I sette volti dell’universo giovanile che non studia né lavora

In Italia oltre il 16 per cento dei giovani tra i 15 e i 29 anni risulta inattiva, almeno ufficialmente. La media europea oscilla intorno all’11 per cento. E tra il 2008 ed oggi sono oltre mezzo milione quelli che hanno scelto di andare all’estero: le ragioni del fenomeno
Pur essendosi ridotta, la platea dei giovani Neet, acronimo che significa Not in employement, education or training, pone il nostro Paese al vertice di una classifica europea della quale non possiamo andare fieri. Oltre il 16 per cento dei giovani tra i 15 e i 29 anni risulta inattiva, almeno ufficialmente. La media europea oscilla intorno all’11 per cento. Paesi come Germania e Olanda registrano un rassicurante 7 per cento. Intanto, sempre di più diplomati e laureati sono costretti a lasciare il Paese per cercare un’occupazione migliore e soprattutto salari e stipendi più accettabili. In dieci anni, secondo l’Istat, sono emigrati quasi centomila laureati, l’equivalente degli abitanti di Piacenza. Cioè di una media città italiana tutta abitata da cittadini con formazione terziaria.

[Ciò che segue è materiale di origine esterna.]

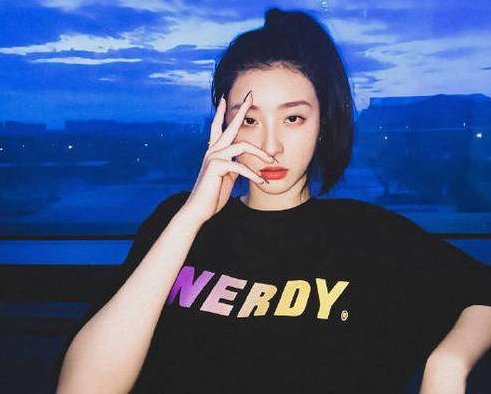 赵小棠曝光与妈妈合照,母女如同姐妹花,妈妈的腿也太抢眼了,你心动了吗?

Tra il 2008 ed oggi oltre mezzo milione di giovani hanno scelto di andare all’estero. Sono suppergiù la popolazione di Genova, capoluogo della regione più anziana d’Italia che domenica sceglierà il suo nuovo sindaco (o sindaca). Sono questi fenomeni di tale rilevanza che fatichiamo a credere che siano veri. Del resto, dove sono tutti questi Neet? Hanno mai manifestato? Magari lo facessero, sarebbe una buona notizia. Un sintomo della voglia di partecipare, anche scontrandosi con le generazioni più anziane. L’indifferenza e la rassegnazione sono peggio della protesta.

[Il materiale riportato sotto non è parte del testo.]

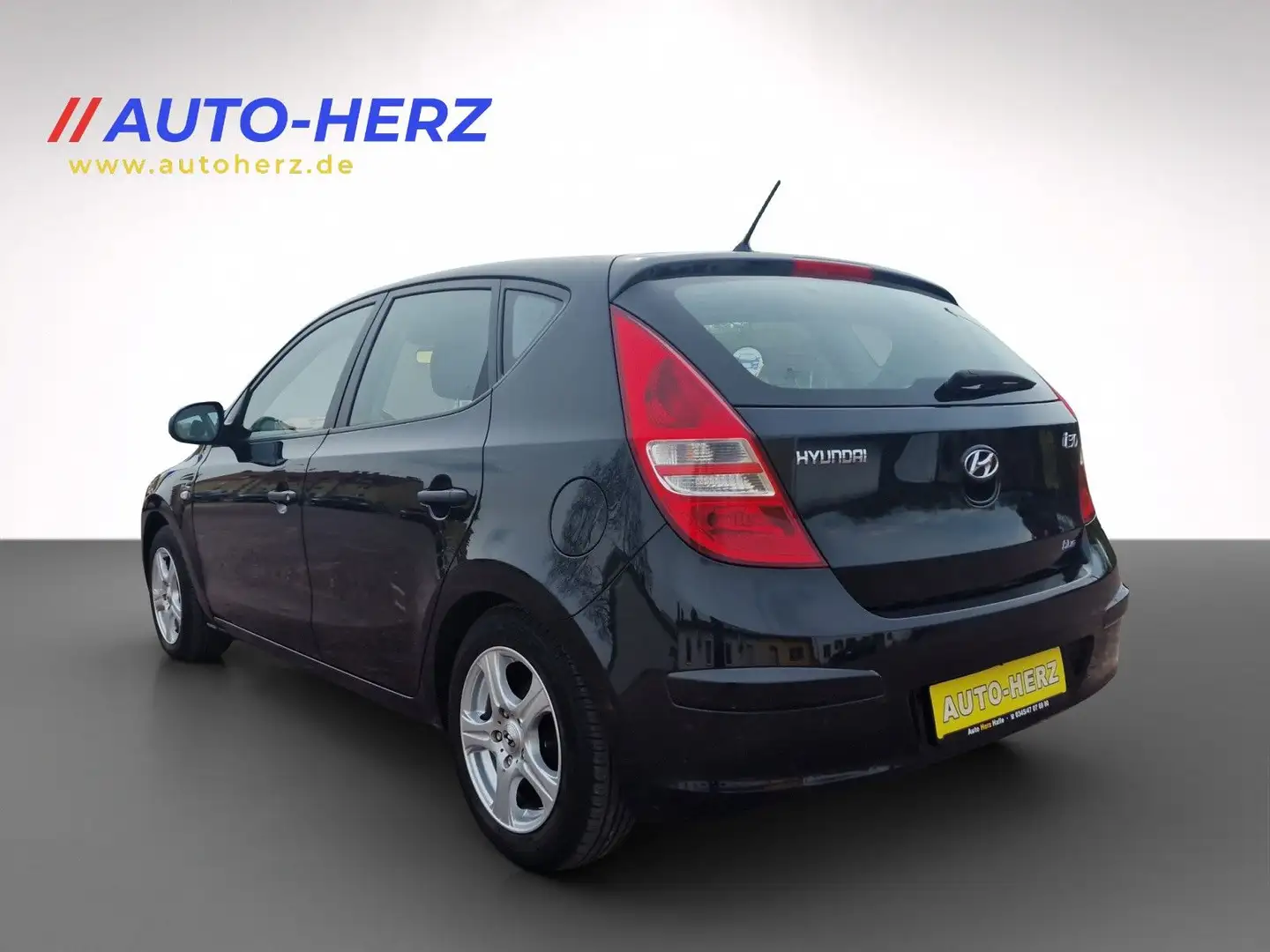 Vehicle image, number 9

Le ragioni del fenomeno sono state scandagliate a fondo da molte ricerche. Ancora troppi gli abbandoni scolastici (l’Italia è quinta in Europa, ma migliora, con un tasso di dispersione superiore al 10 per cento). Il fenomeno è più accentuato nel Mezzogiorno, con Sicilia e Sardegna oltre il 17 per cento. E poi ci sono la scarsa cultura dell’alternanza scuola-lavoro (largamente avversata), le inefficienze del mercato del lavoro, pochi tirocini e apprendistati. Occorre uno sforzo ulteriore per porre il fenomeno all’attenzione della società e impedire che sia sommerso in una sorta di «intercapedine del nulla», ripostiglio di tante vite e talenti che meritano di avere più attenzione e soprattutto stimoli di riscatto.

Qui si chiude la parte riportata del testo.